__Data to examine__
★ ★ ★ ★ ★

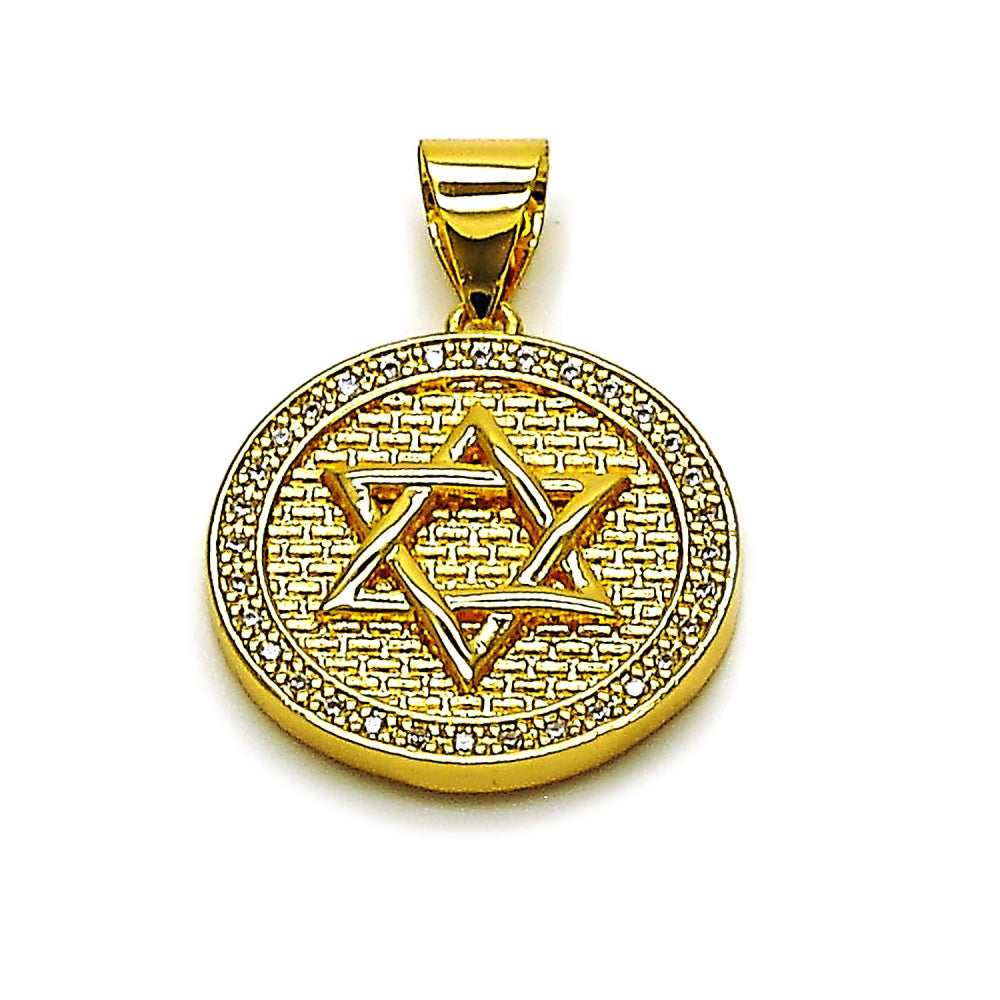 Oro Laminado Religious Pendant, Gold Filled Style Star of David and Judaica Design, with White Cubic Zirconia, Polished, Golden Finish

★ ★ ★ ★ ★

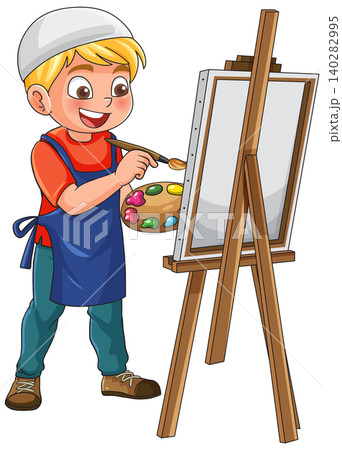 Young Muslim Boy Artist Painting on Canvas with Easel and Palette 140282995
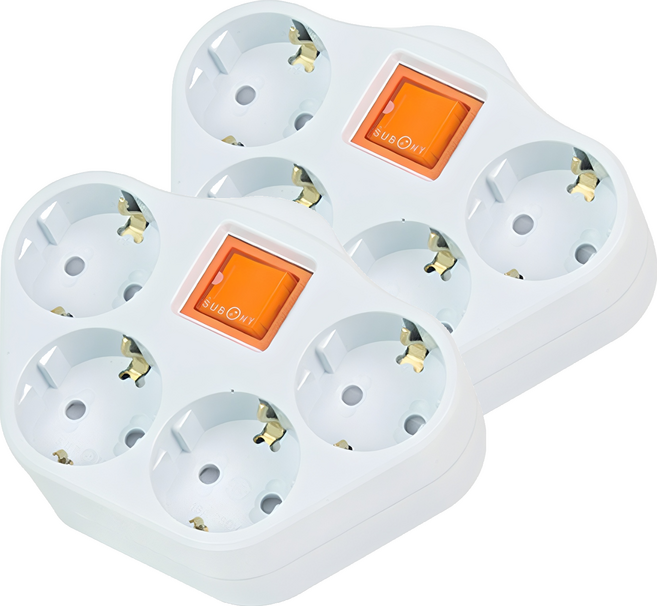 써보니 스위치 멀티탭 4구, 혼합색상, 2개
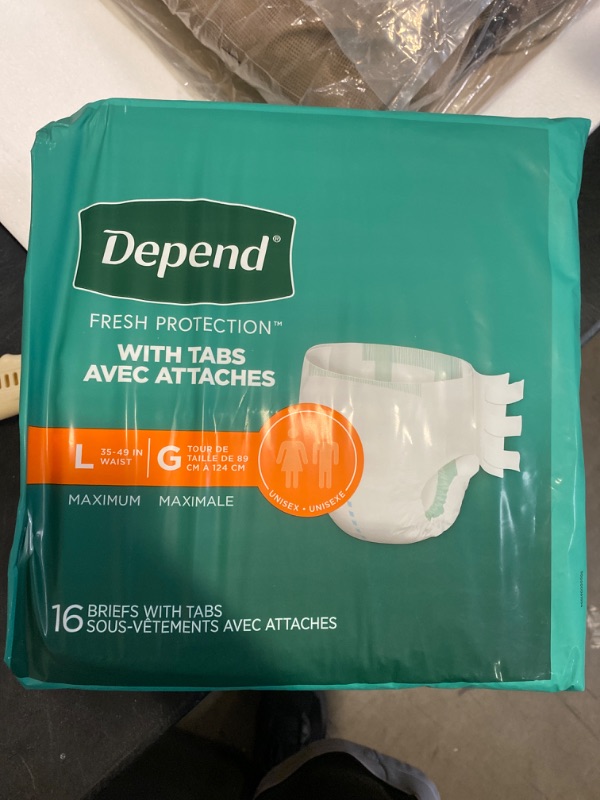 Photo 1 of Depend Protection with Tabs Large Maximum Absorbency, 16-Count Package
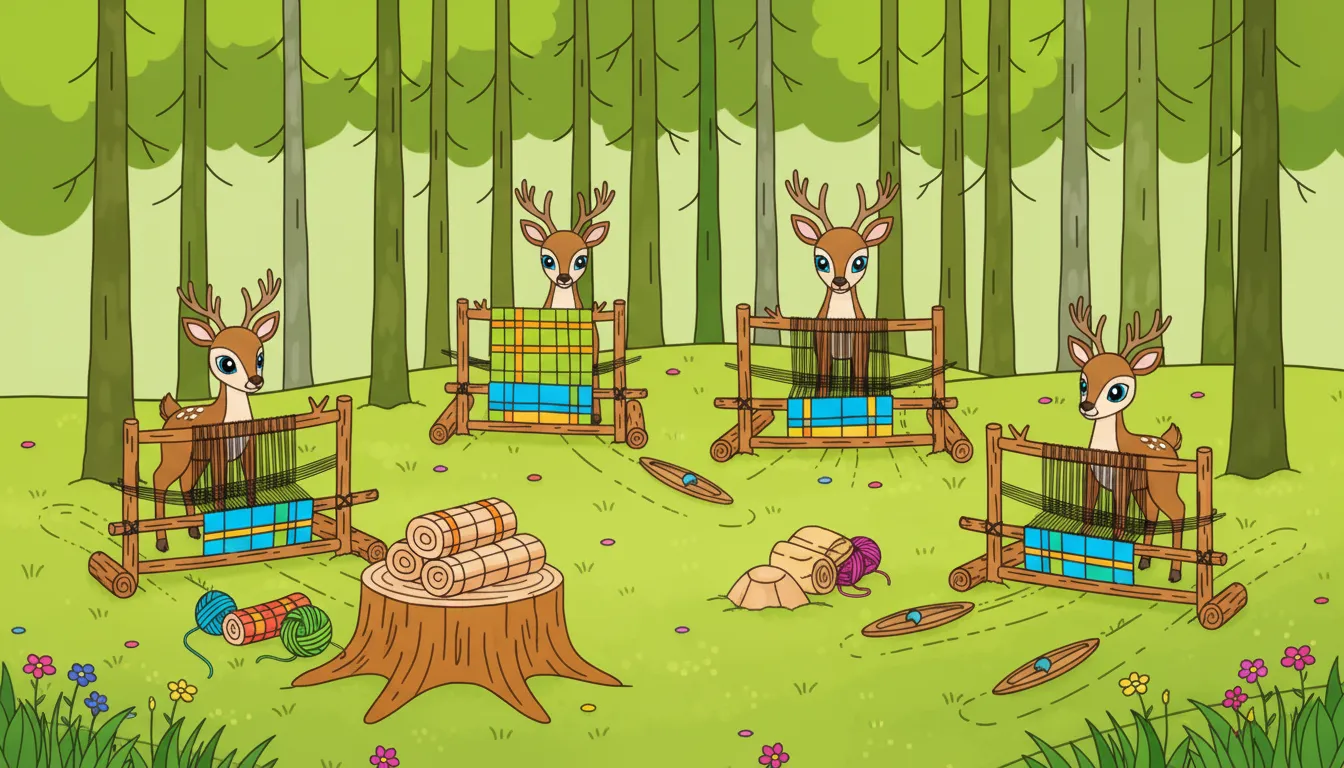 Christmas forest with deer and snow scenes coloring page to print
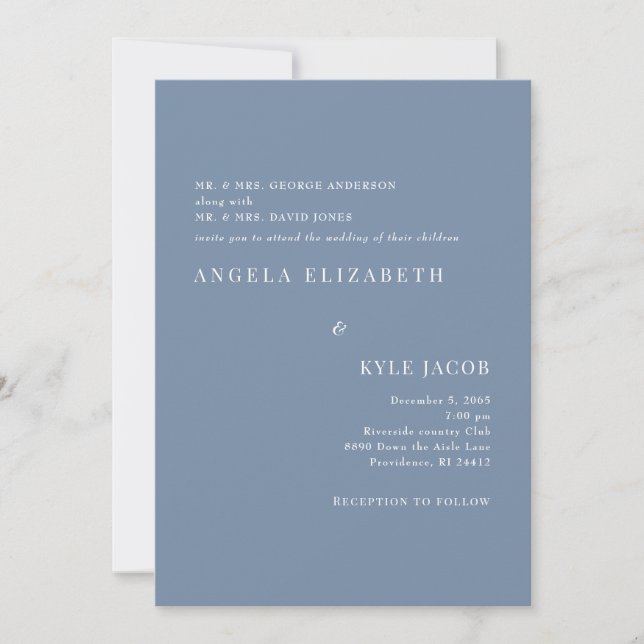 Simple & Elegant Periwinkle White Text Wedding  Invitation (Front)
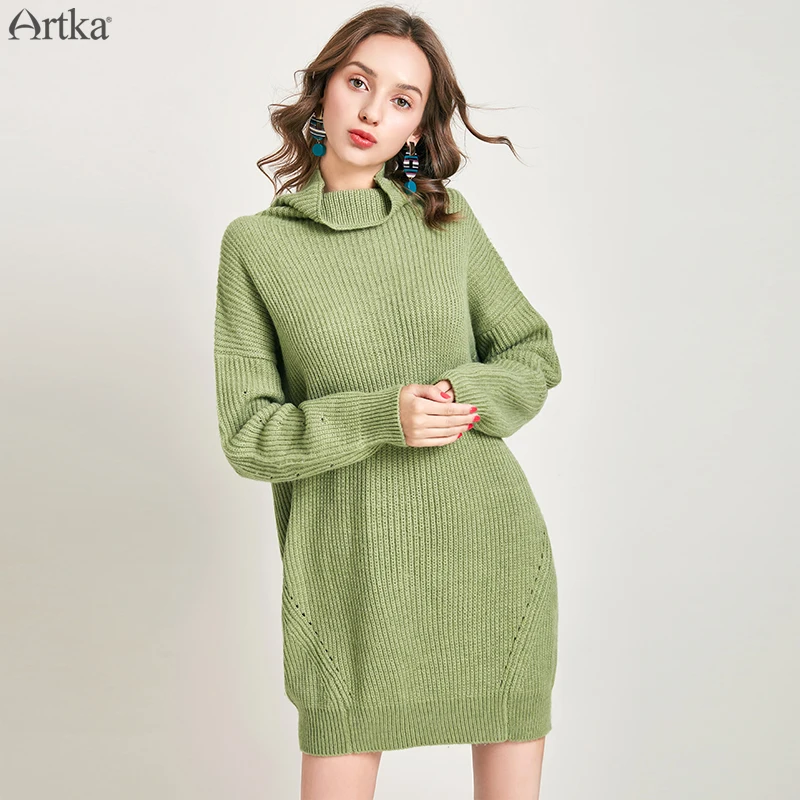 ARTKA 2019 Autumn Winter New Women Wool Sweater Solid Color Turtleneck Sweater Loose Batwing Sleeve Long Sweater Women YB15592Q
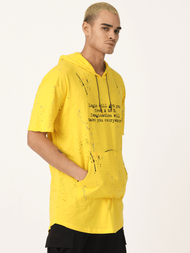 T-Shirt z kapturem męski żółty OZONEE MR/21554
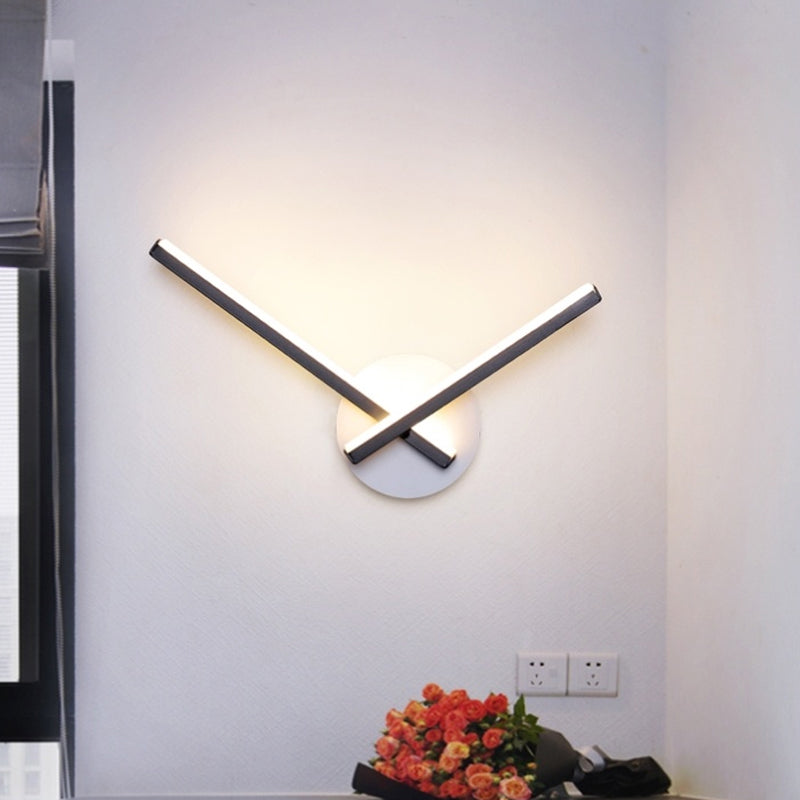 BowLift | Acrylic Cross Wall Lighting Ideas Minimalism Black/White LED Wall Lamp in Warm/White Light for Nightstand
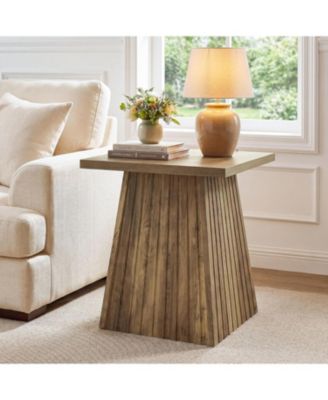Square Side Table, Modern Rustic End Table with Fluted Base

★ ★ ★ ★ ★

Starting at the line with "Simple & Elegant" in the entries above, write out every line exactly until the line with "Square Side Table, Modern" has been written. Include no pictures and nothing more.

__Result of this exercise__
 Simple & Elegant Periwinkle White Text Wedding  Invitation (Front)
 ARTKA 2019 Autumn Winter New Women Wool Sweater Solid Color Turtleneck Sweater Loose Batwing Sleeve Long Sweater Women YB15592Q
 T-Shirt z kapturem męski żółty OZONEE MR/21554
 BowLift | Acrylic Cross Wall Lighting Ideas Minimalism Black/White LED Wall Lamp in Warm/White Light for Nightstand
Square Side Table, Modern Rustic End Table with Fluted Base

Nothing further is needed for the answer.